Information supplied |
►

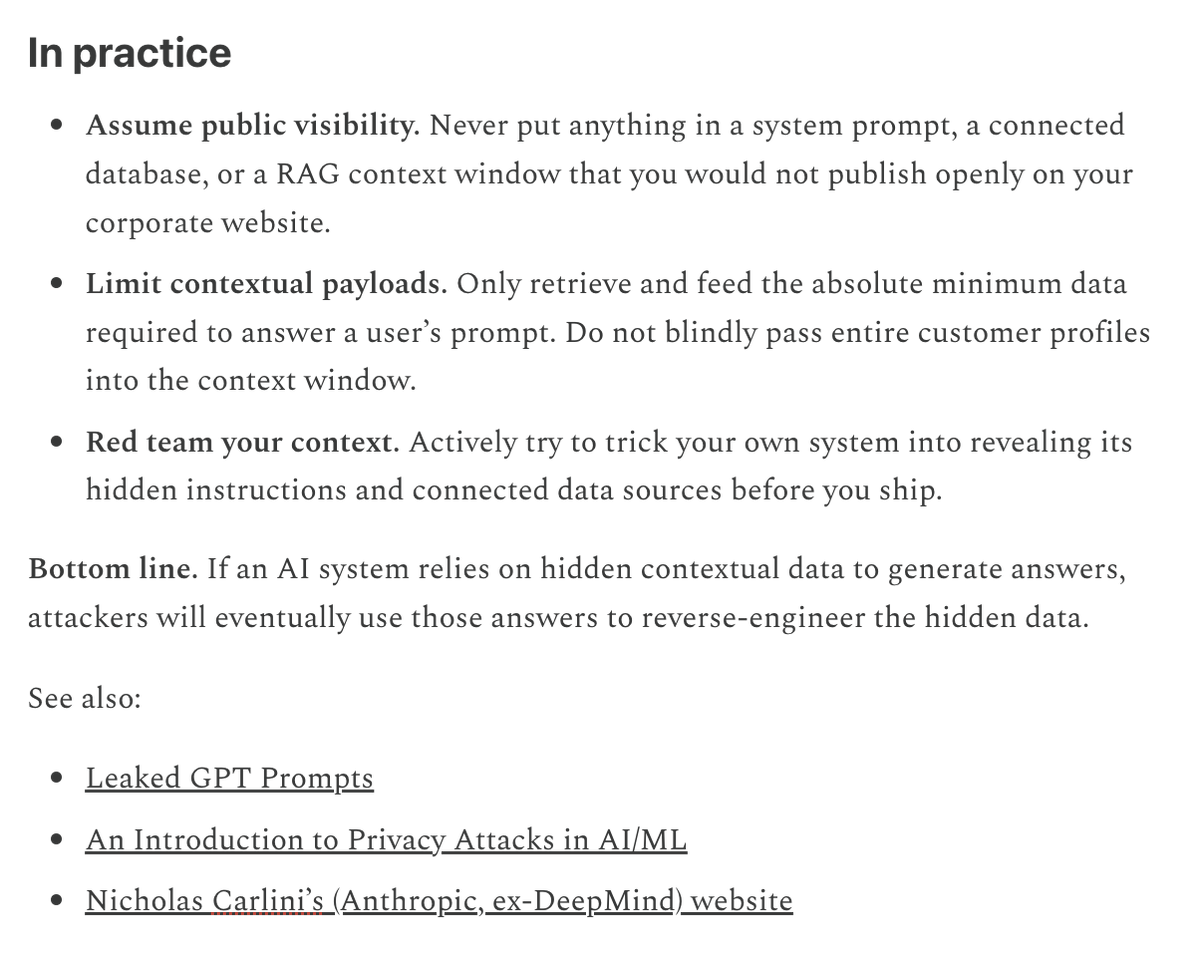 AI Builders are slowly realising that they should assume their system prompts will be exfiltrated and made public (See Opus 47. already!). Few realize that their entire agent harnesses are as good as public.

I spoke with AI Privacy &amp; Security Expert Katharine Jarmul about all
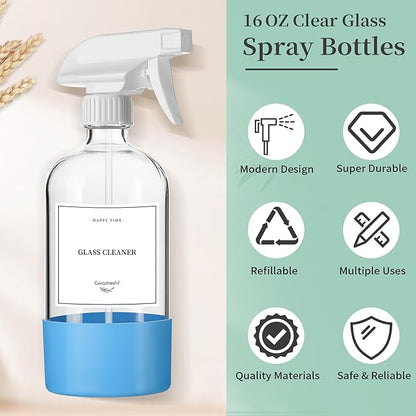 GIVAMEIHF 4 Pack Glass Spray Bottles with Silicone Sleeve,16oz Clear Glass Spray Bottles Refillable Empty Bottle with Adjustable Nozzle,Spray Bottle for Cleaning Solutions,Essential Oils,Pets,Hair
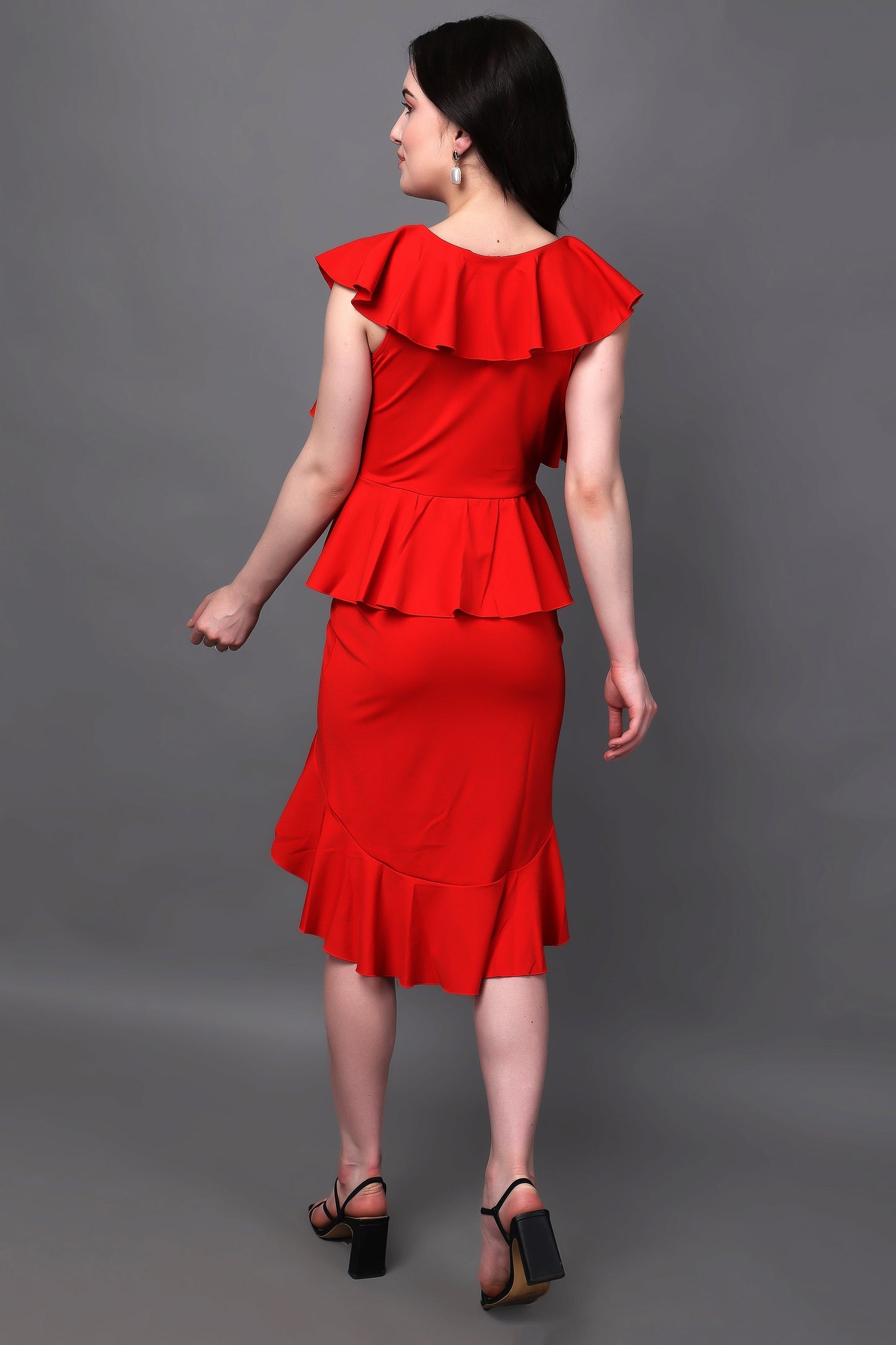 Red Valentine Ruffled Dress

◄

Task directions | Pictures excluded, copy exactly the lines running from the one with "I spoke with" through the last line of the material.

Reply |
I spoke with AI Privacy &amp; Security Expert Katharine Jarmul about all
 GIVAMEIHF 4 Pack Glass Spray Bottles with Silicone Sleeve,16oz Clear Glass Spray Bottles Refillable Empty Bottle with Adjustable Nozzle,Spray Bottle for Cleaning Solutions,Essential Oils,Pets,Hair
 Red Valentine Ruffled Dress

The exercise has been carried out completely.